My bread and butter would be Montana and Louisiana PBS.
The best things C-band ever offered were the backhaul feeds. Where else could you witness daily delights like
Governor Moonbeam beaming up an entire bottle of Afrin before commencing a satellite media tour?
The endless commercial-free sports backhauls for games and other events were the main draw for most of the nerdy dish owners I knew. As were the similarly endless satellite ENG feeds for ordinary and major breaking news events alike. Once-off special event backhauls were quite possibly the absolute best treats, because their participants were typically told they were on "closed circuit television feeds," a reassurance so technically vague that it tended to disarm most everyone into behaving like they normally did in private. I remember an hours long Museum of Television and Radio roundtable event meant exclusively for students simultaneously attending closed-door lecture auditoriums at a handful of major American universities. It guested Matt Groening, Mike Judge, Matt Stone, and Trey Parker. Never heard so much cursing-laden blunt honestly about the television biz in my life, mostly from the latter two.
One of my personal favorite C-band institutions were the Canadian clean feeds and front-end syndication feeds. Being able to watch every new, prime time network and off-network show (e.g. first-run ST:TNG) days in advance without commercials, bugs, split-screen credits, or voice-overs, rolled right off direct dubs of the master tapes, was tits. With those, you could even psych out your friends like Bill Murray watching Jeopardy! in Groundhog Day, if you wanted.

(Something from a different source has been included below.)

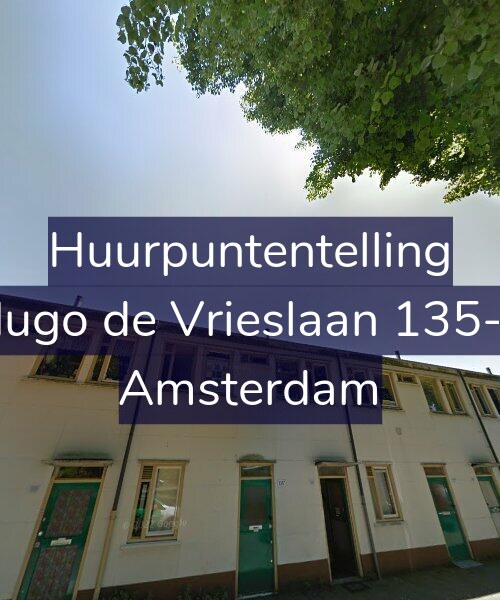 Foto gevel Huurpuntentelling voor Hugo de Vrieslaan 135-1, Amsterdam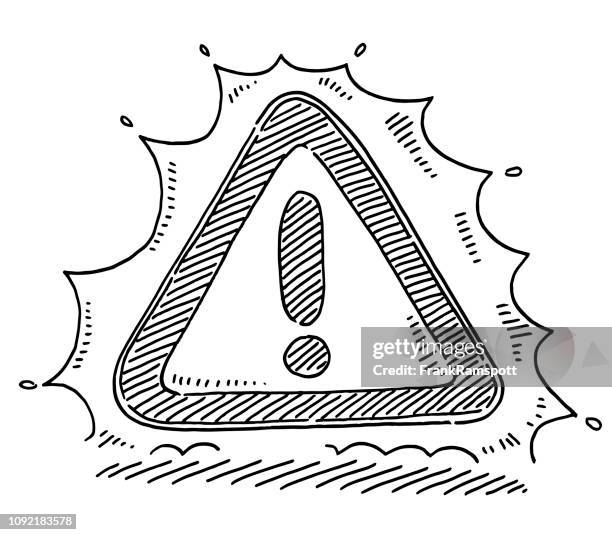 Alert Warning Sign Exclamation Mark Drawing High-Res Vector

C-band was also how you could tap into everything you local cable system wouldn't or couldn't carry. Countless international news networks from countries all over the world (the era's equivalent of video shortwave) ... the domestic video newswire feeds from AP and Reuters ... tons of terrestrial AM, FM, and TV station uplinks meant for feeding translators or regional cable headends where topography made long-distance microwave links impossible (imagine listening to KLON 88.1 Long Beach from Yellowknife, Canada, or watching arctic Canadian and Alaskan independent stations serving widespread rural populations, often indigenous, with esoteric local programming and news, from your home in Los Angeles). There were also tons of fringe conspiracy theorist networks (yesterday's equivalents to today's WRMI, WBCQ, and WRMI program lineups), oddities like the Armed Forces Radio network, Muzak multiplexes, and the complete buffet of syndicated domestic radio programming from all the big and small distributors.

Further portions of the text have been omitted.